In fact, it is not correct to say that operator = is not inherited. The problem is that it is hidden by the implicitly-generated operator = for the derived class, so that (for instance), an assignment such as the one in the code below would be illegal:

A a;
B b;
b = a;

Since class B does not have any operator = accepting an A, but only an implicitly generated copy-assignment operator with the following signature:

B& operator = (B const&)

The situation is not different from the case of regular member functions in the derived class hiding member functions with the same name in the base class.

And as for regular member functions, you can have a using declaration in your class that makes the base class's operator = available:

class B: public A
{
public:
    using A::operator =;
//  ^^^^^^^^^^^^^^^^^^^^
};

This would make the assignment in the previous example compile.

Why does an overloaded assignment operator not get inherited?
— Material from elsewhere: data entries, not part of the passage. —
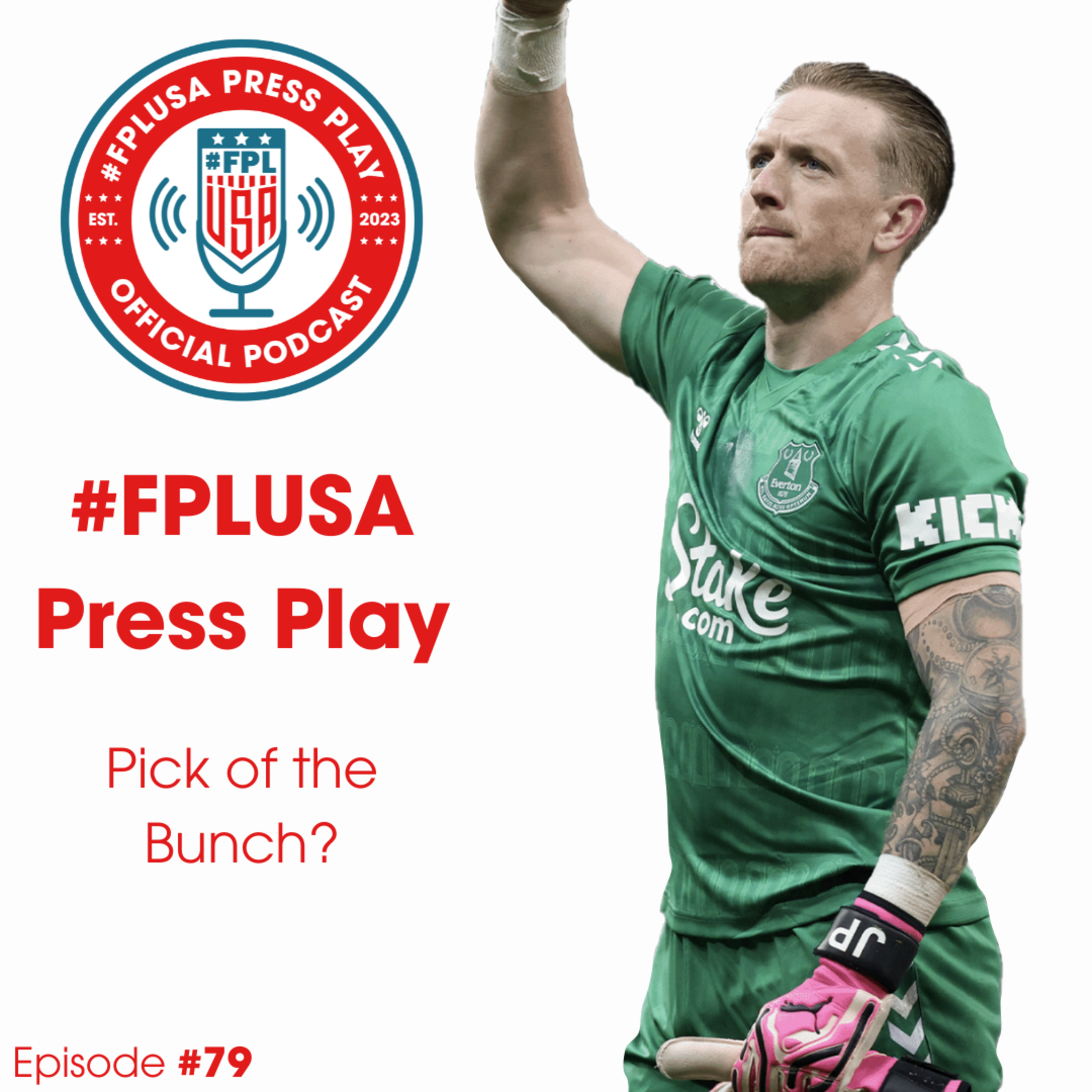 GW22 Preview - Pick of the Bunch? - Episode #79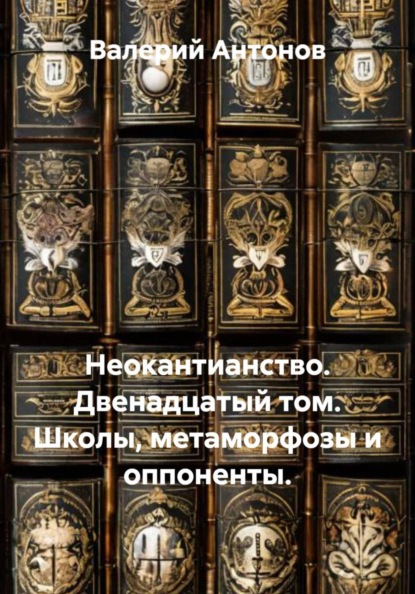 Скачать книгу Неокантианство. Двенадцатый том. Школы, метаморфозы и оппоненты.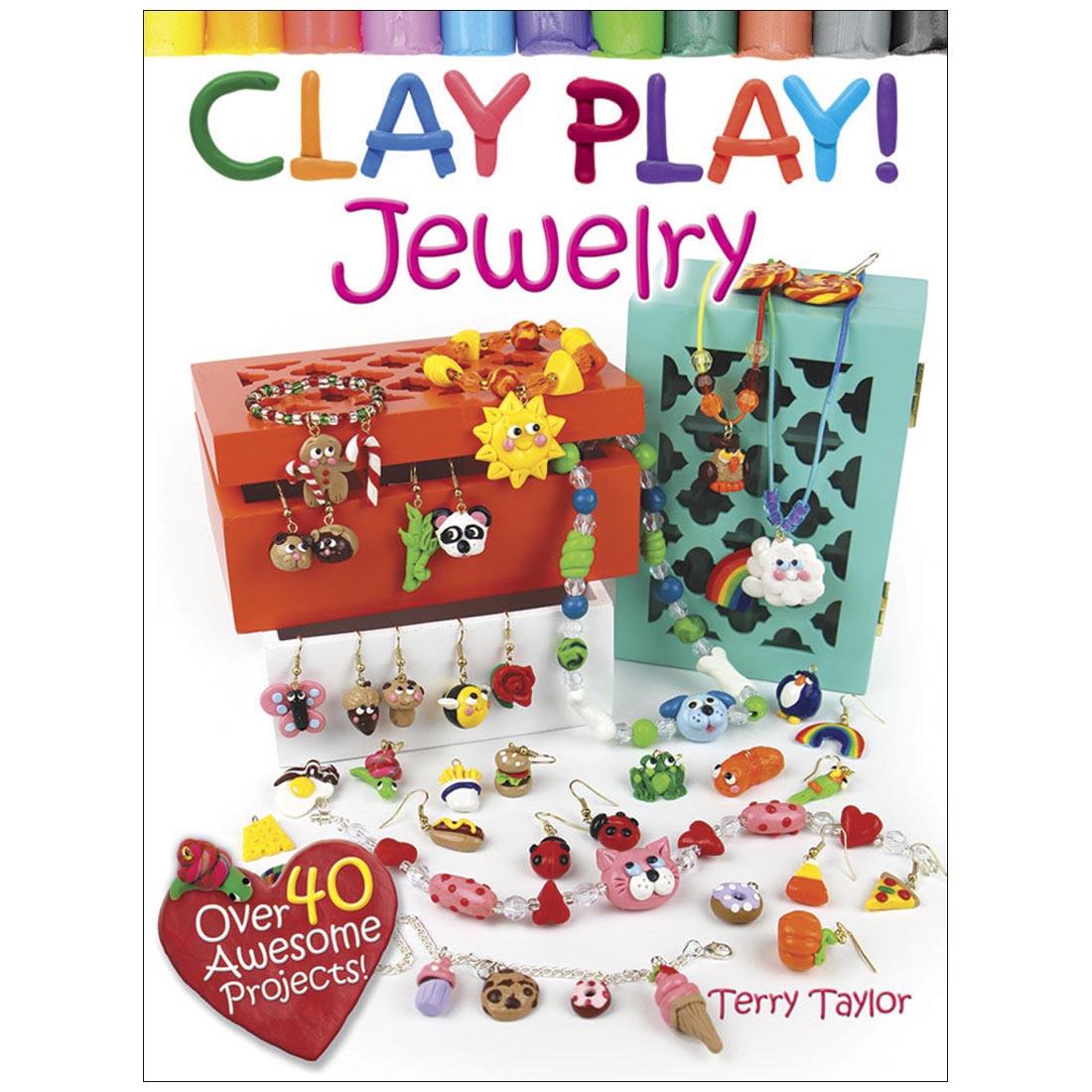 front cover of Dover Clay Play! Jewelry: Over 40 Awesome Projects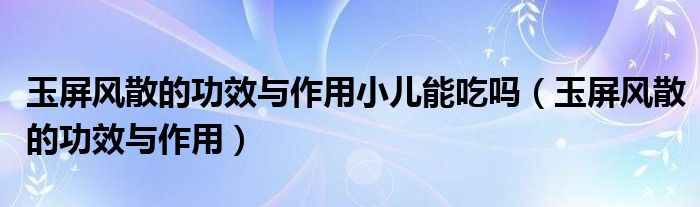 玉屏風(fēng)散的功效與作用小兒能吃嗎（玉屏風(fēng)散的功效與作用）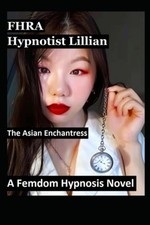 Hypnotist Lillian. The Asian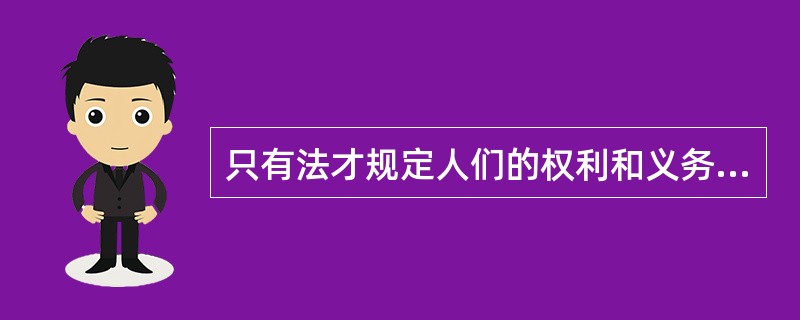 只有法才规定人们的权利和义务。 ( )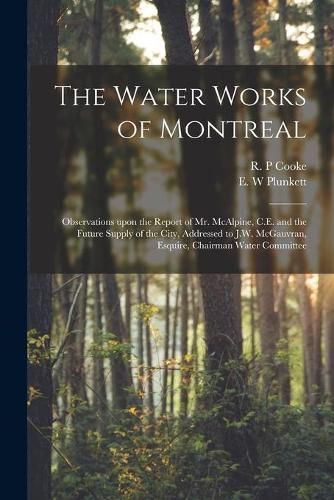 Cover image for The Water Works of Montreal [microform]: Observations Upon the Report of Mr. McAlpine, C.E. and the Future Supply of the City, Addressed to J.W. McGauvran, Esquire, Chairman Water Committee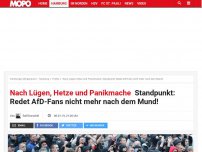 Bild zum Artikel: Nach Lügen, Hetze und Panikmache: Standpunkt: Redet AfD-Fans nicht mehr nach dem Mund!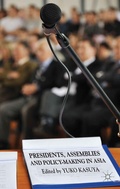 Cover: Presidents, Assemblies and Policy-making in Asia - Palgrave Macmillan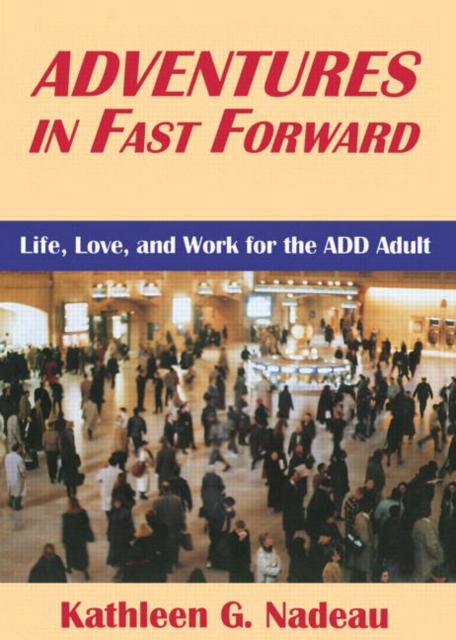 Adventures In Fast Forward : Life, Love and Work for the Add Adult, Paperback / softback Book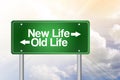 New Life, Old Life Green Road Sign Royalty Free Stock Photo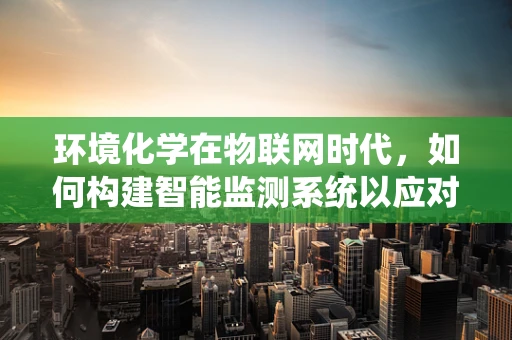 环境化学在物联网时代，如何构建智能监测系统以应对污染挑战？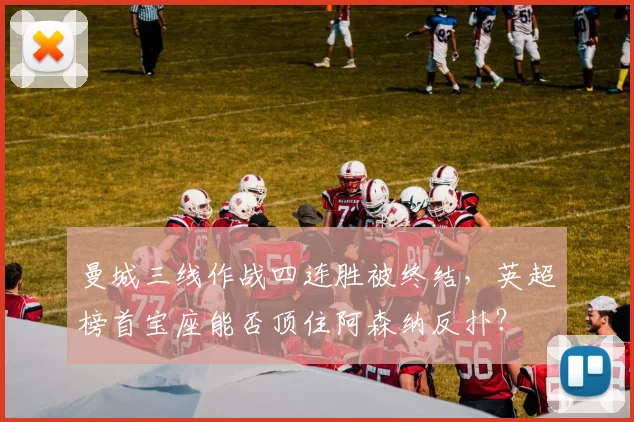 曼城三线作战四连胜被终结,英超榜首宝座能否顶住阿森纳反扑?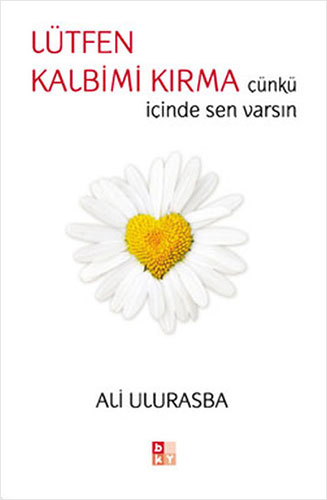 Lütfen Kalbimi Kırma
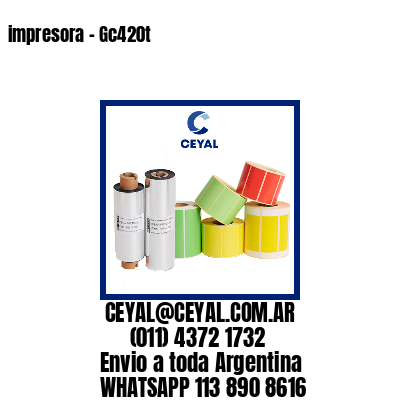 impresora – Gc420t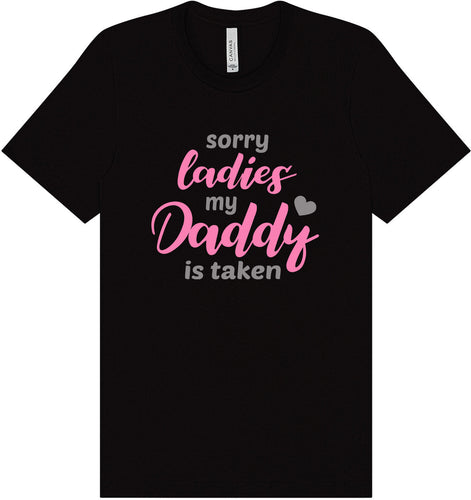 Daddy is Taken Adult Bella Canvas Shirt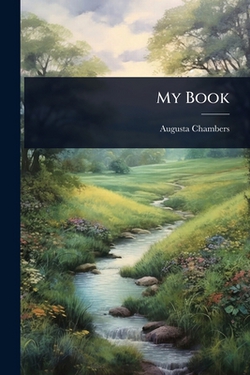 My Book|Augusta Chambers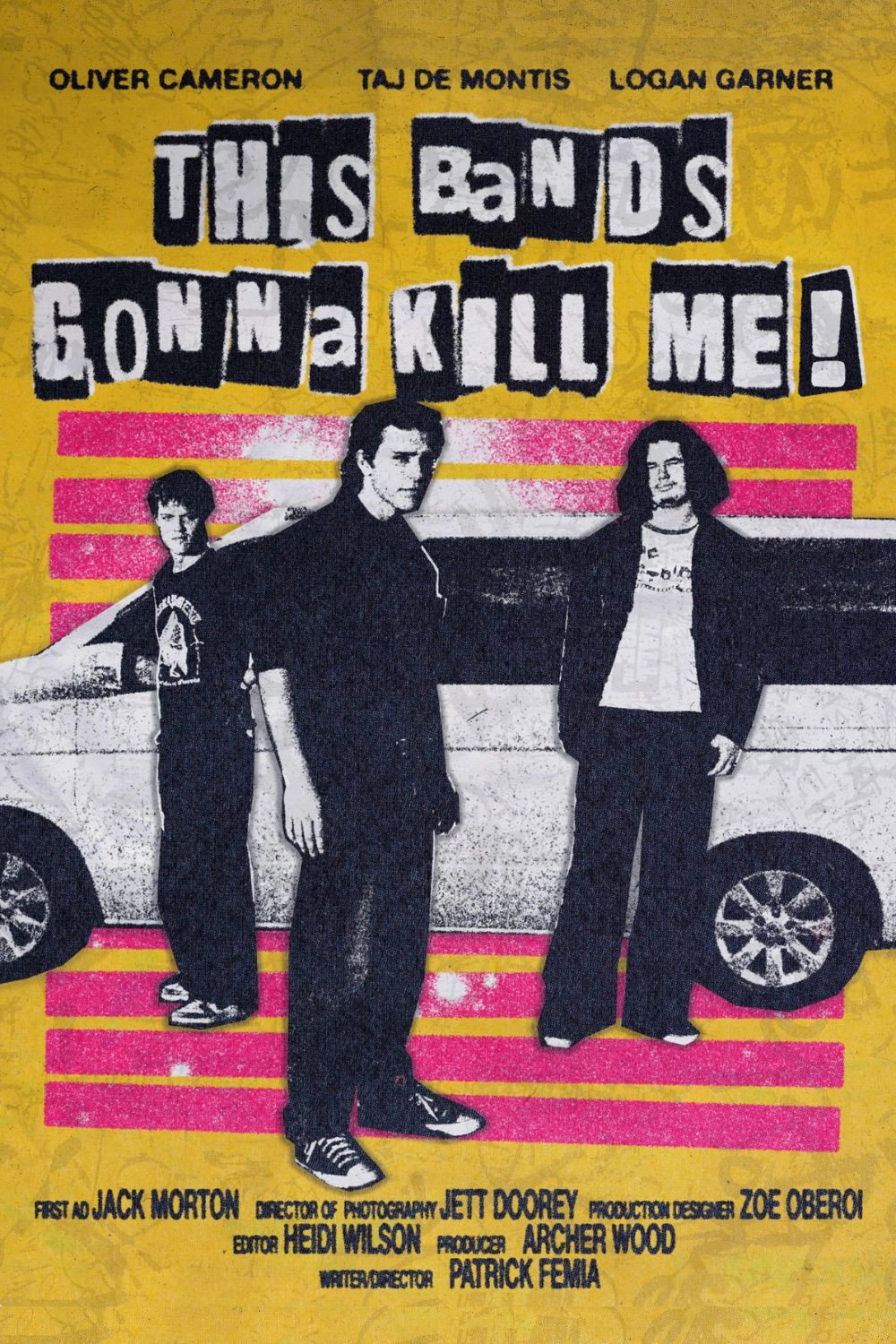This Band's Gonna Kill Me!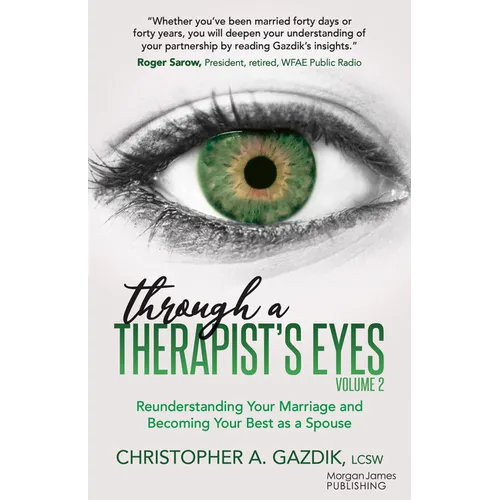 Through a Therapist's Eyes, Volume 2: Reunderstanding Your Marriage and Becoming Your Best as a Spouse - Paperback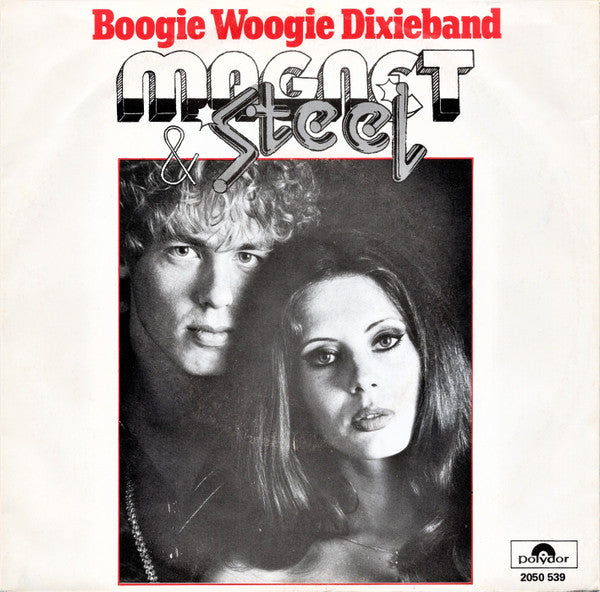 Magnet & Steel : Boogie Woogie Dixieband (7")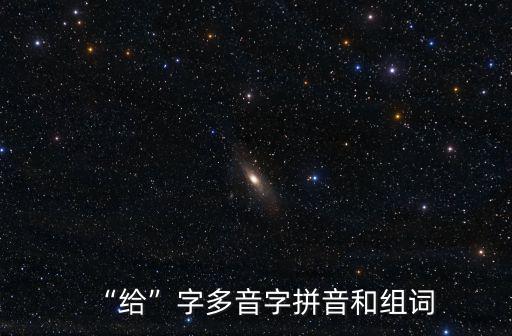給的拼音,給字多音字拼音和組詞:給予補給自給自足造句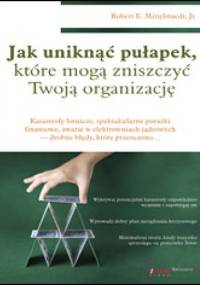 Jak uniknąć pomyłek, które mogą zniszczyć Twoją organizację - Robert E. Mittelstaedt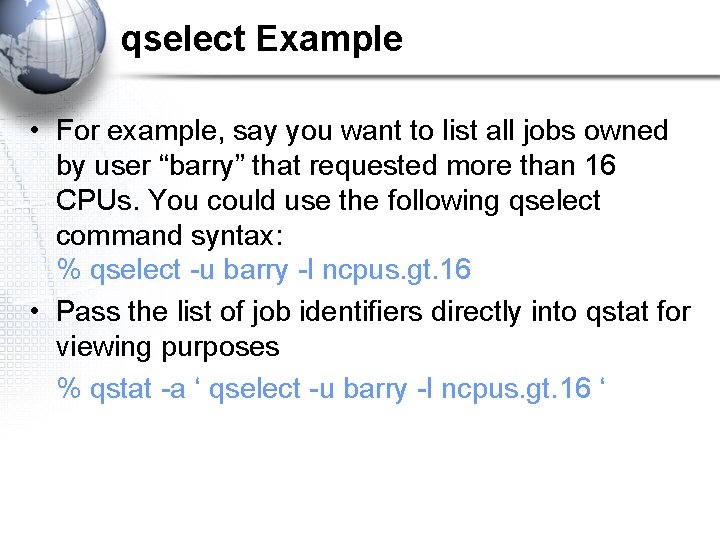 qselect Example • For example, say you want to list all jobs owned by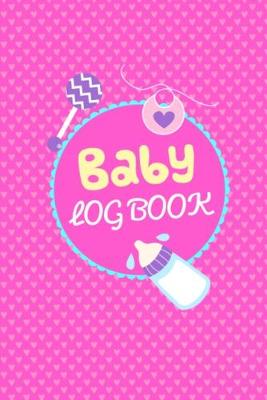 Book cover for Baby Log Book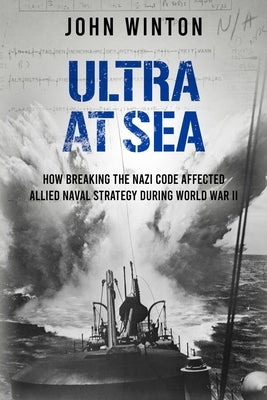 Ultra at Sea: How Breaking the Nazi Code Affected Allied Naval Strategy During World War II by Winton, John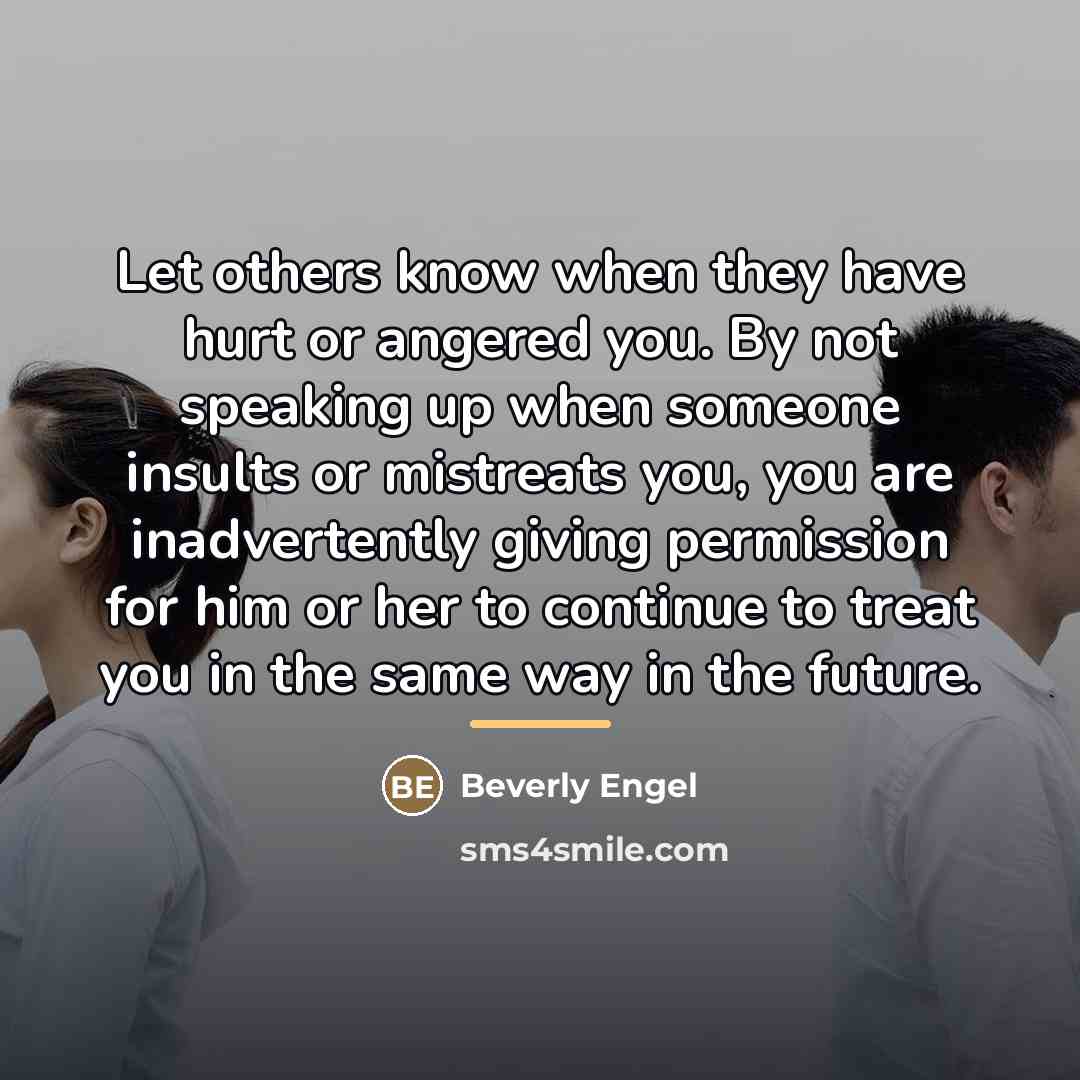“Let others know when they have hurt or angered you.…” quote by Beverly Engel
Class Y contains implicitly-declared assignment operators, which hide the operator declared in the base class. In general, declaring a function in a derived class hides any function with the same name declared in a base class.

If you want to make both available in Y, use a using-declaration:

class Y : public X {
public:
    using X::operator=;
};

Constructor, destructor, overloaded =operator function, copy constructor do not get inherited. What this exactly means?

What that statement is trying to say, is that class B does not automatically get a constructor B::B(int) when you add A::A(int). Similarly, B::operator=(int) is not automatically generated when you have A::operator=(int).

The copy constructor B::B(B const&) can be automatically generated, in which case it expects A::A(A const&). But you see from the argument that it's generated, not inherited as B::B(A const&).

The destructor works the same - generated, not inherited - but that's less visible because there's no parameter.

Why assignment operators of parent class are not accessible from derived class objects

The copy assignment operator is automatically generated in the derived class. This causes the base class's assignment operator to be hidden due to the regular name hiding rules of C++. You can unhide the name in the base class through the "using" directive. For example:

class C
{
  public:
    void operator =(int i) {}
};

class SubC : public C
{
  public:
    using C::operator=;
};

Why operator = doesn't get inherited from a template class

operator = is always hidden by the derived class implementation unless explicit using declaration is provided. This is true for both class templates and ordinary classes.

BTW, your declaration of operator= is very nonstandard. It is usually declared so for a class 'A'.

A& operator=(A const &);

Here is something that may be what you are looking for (and compiles)

template <class T> 
class TemplatePtr 
{ 
public: 
    TemplatePtr& operator=(TemplatePtr const &) 
    {return *this;} 
}; 

template<class T>
class TemplatePtr_ClassName: public TemplatePtr<T> 
{ 
public:
   ~TemplatePtr_ClassName(){};
   TemplatePtr_ClassName& operator=(TemplatePtr_ClassName const &that){
      TemplatePtr<T>::operator=(that);        // invoke base class assignment operator
      return *this;
   }
}; 

int main() 
{ 
    TemplatePtr_ClassName<int> data; 
    data = *new TemplatePtr_ClassName<int>; 
    // delete stuff
} 

Trouble with inheritance of operator= in C++

If you do not declare copy-assignment operator in a class, the compiler will declare one for you implicitly. The implicitly declared copy-assignment operator will hide any inherited assignment operators (read about "name hiding" in C++), meaning that any inherited assignment operators will become "invisible" to the unqualified name lookup process (which is what happens when you do b = c), unless you take specific steps to "unhide" them.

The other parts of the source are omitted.